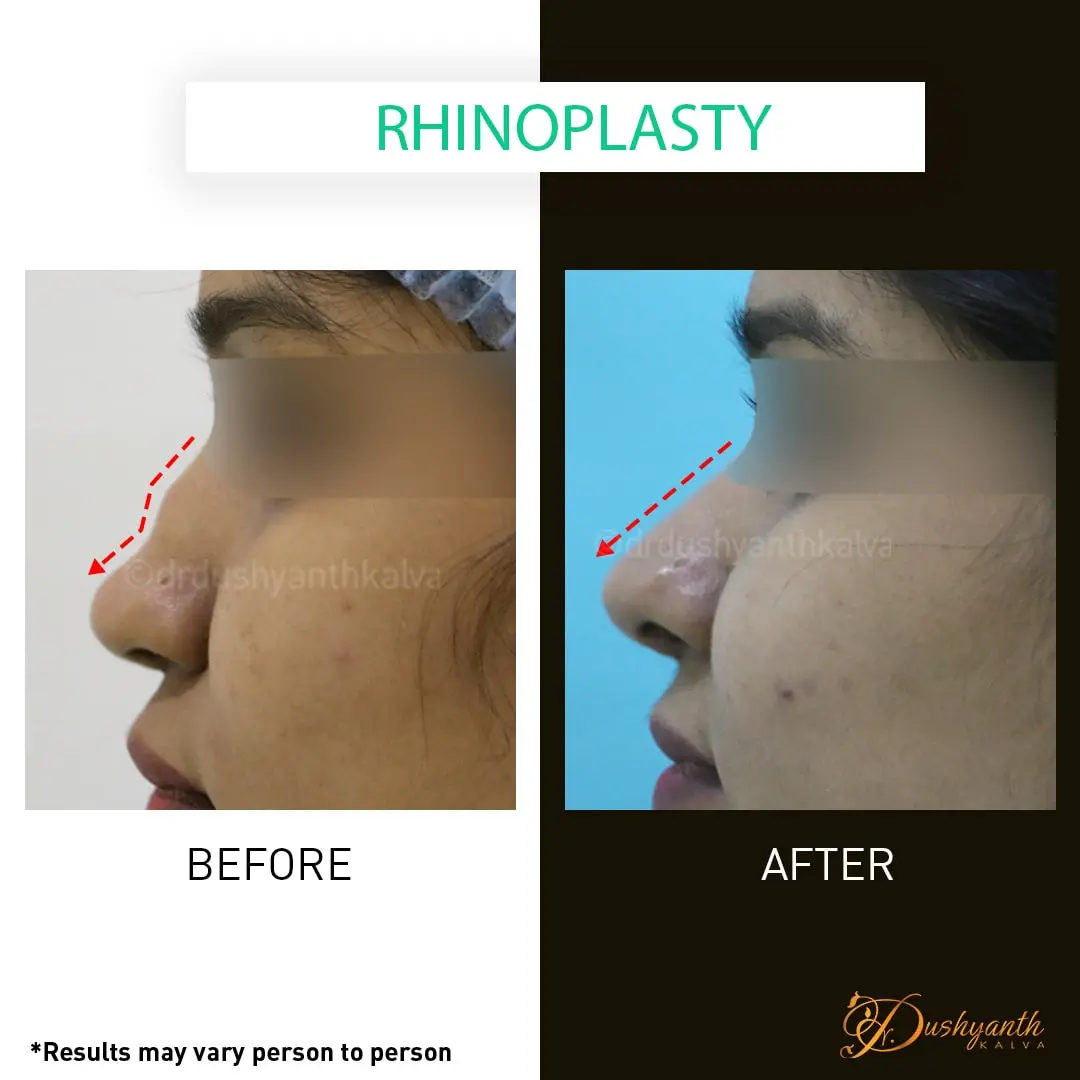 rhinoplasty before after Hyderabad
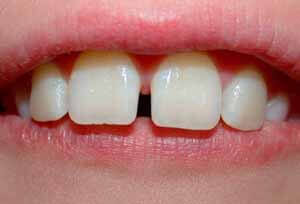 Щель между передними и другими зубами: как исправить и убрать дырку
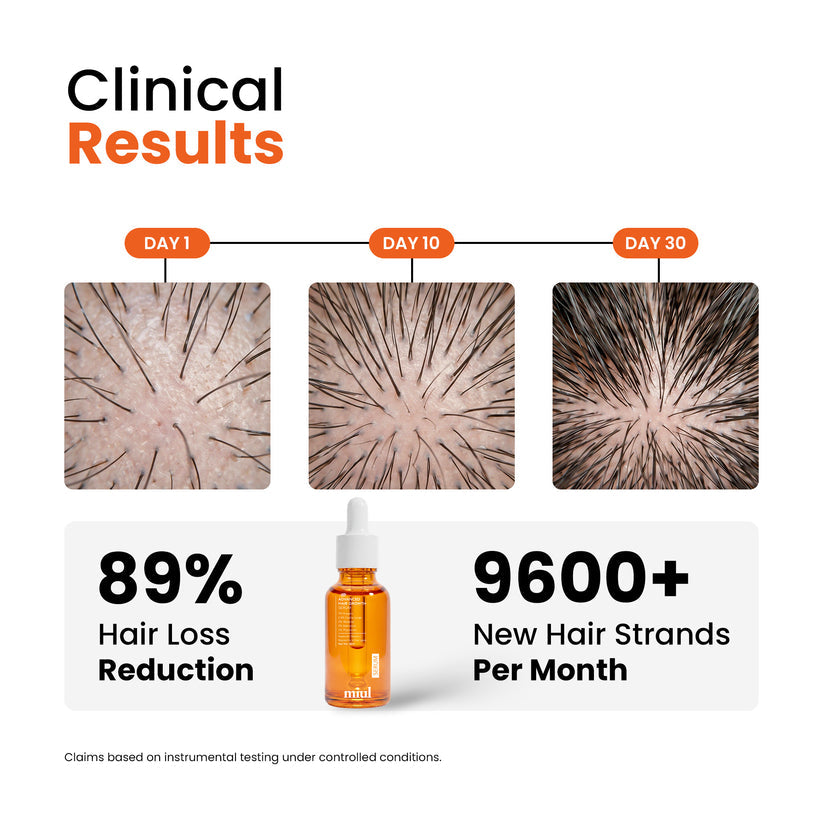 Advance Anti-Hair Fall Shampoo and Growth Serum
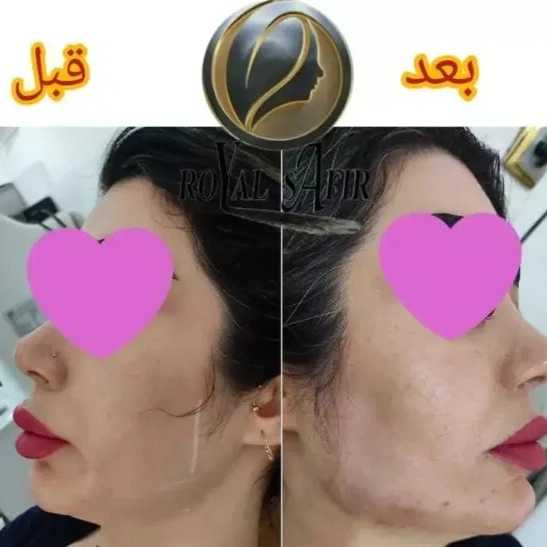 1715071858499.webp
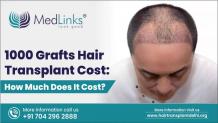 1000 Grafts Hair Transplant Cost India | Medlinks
▬▬▬▬▬▬▬▬▬▬
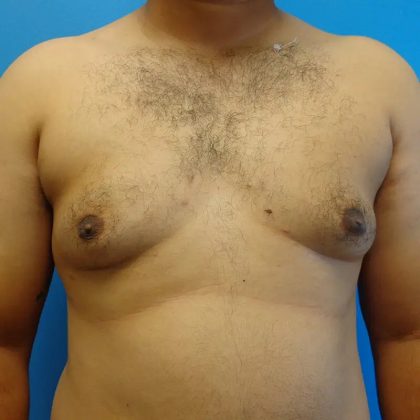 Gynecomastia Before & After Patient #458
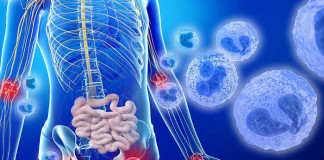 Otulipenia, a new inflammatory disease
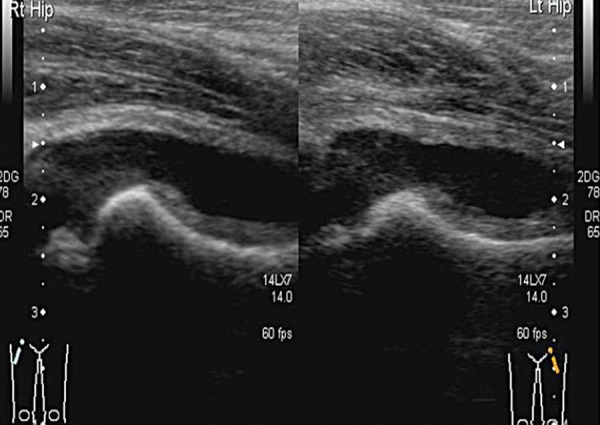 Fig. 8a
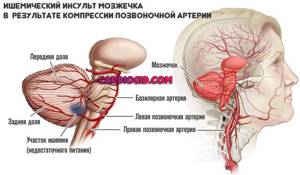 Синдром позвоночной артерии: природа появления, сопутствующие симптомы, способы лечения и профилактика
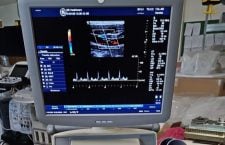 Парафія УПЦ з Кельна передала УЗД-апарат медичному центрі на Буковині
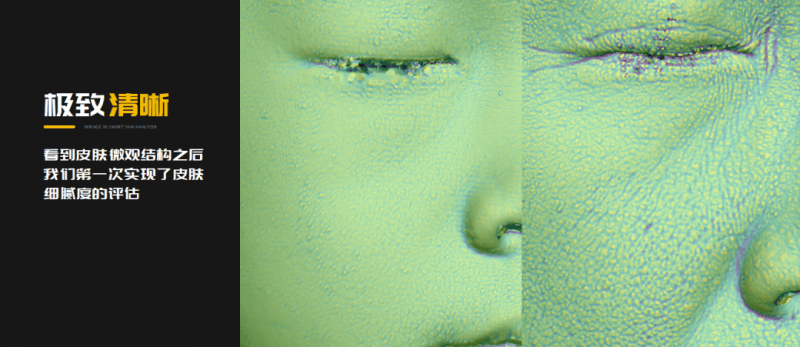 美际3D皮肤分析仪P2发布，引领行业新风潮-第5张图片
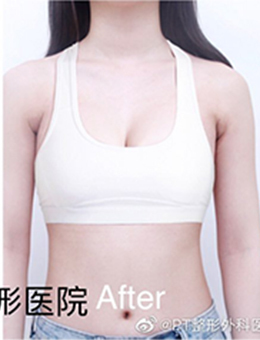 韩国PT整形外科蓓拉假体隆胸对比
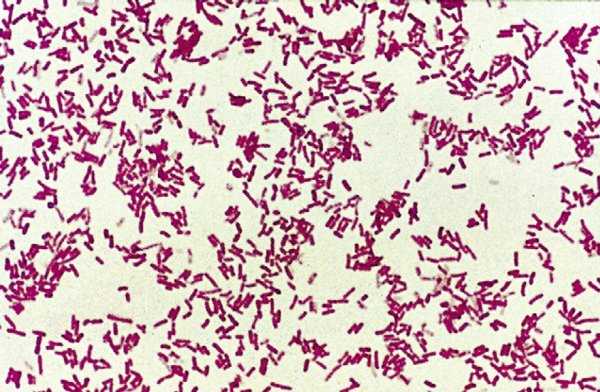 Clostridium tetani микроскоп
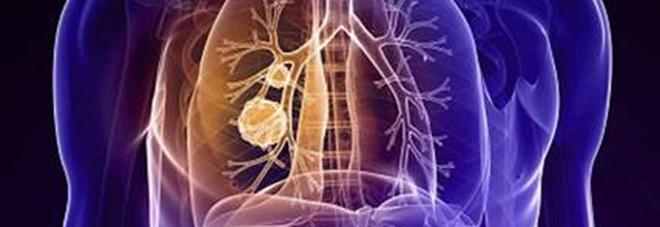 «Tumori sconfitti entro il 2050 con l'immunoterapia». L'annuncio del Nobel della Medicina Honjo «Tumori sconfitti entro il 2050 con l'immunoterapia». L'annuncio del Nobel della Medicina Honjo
▬▬▬▬▬▬▬▬▬▬
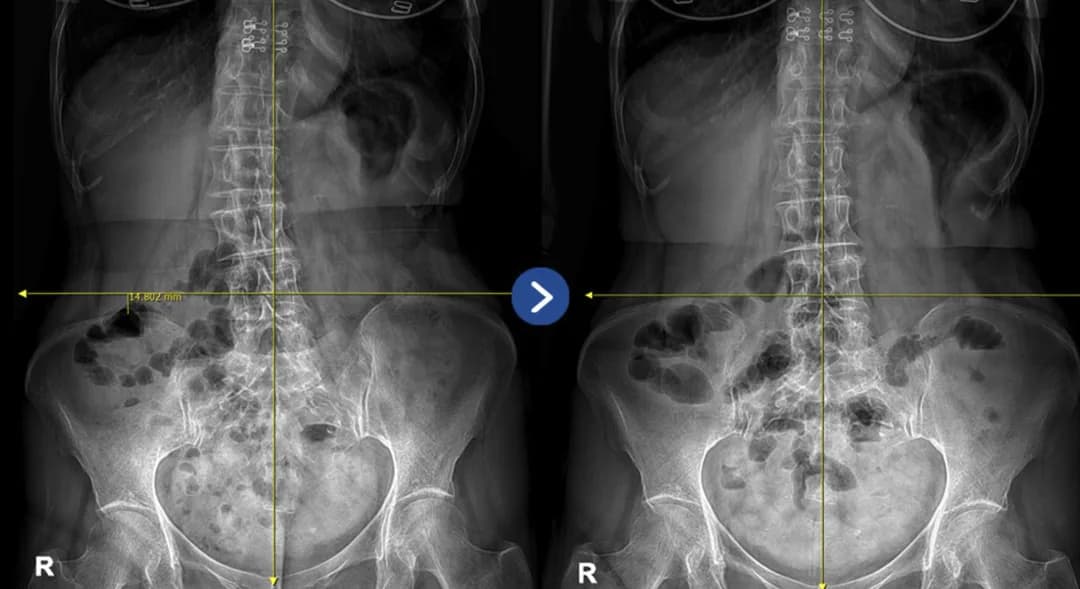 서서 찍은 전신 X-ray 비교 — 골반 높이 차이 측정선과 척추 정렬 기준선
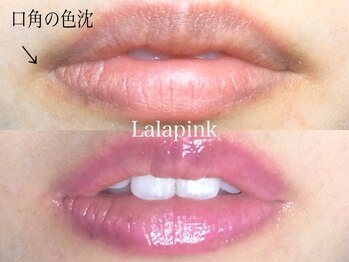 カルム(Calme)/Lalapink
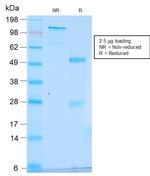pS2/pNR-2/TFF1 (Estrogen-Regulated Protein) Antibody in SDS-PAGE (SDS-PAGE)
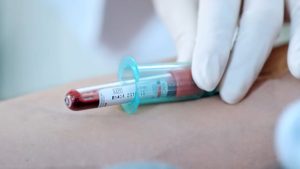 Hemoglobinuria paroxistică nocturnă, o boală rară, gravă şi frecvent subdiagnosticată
▬▬▬▬▬▬▬▬▬▬
Output should consist of the lines above from the one with "Advance Anti-Hair Fall" down to the one with "1000 Grafts Hair", exact and without pictures.

Result for this task
 Advance Anti-Hair Fall Shampoo and Growth Serum
 1715071858499.webp
 1000 Grafts Hair Transplant Cost India | Medlinks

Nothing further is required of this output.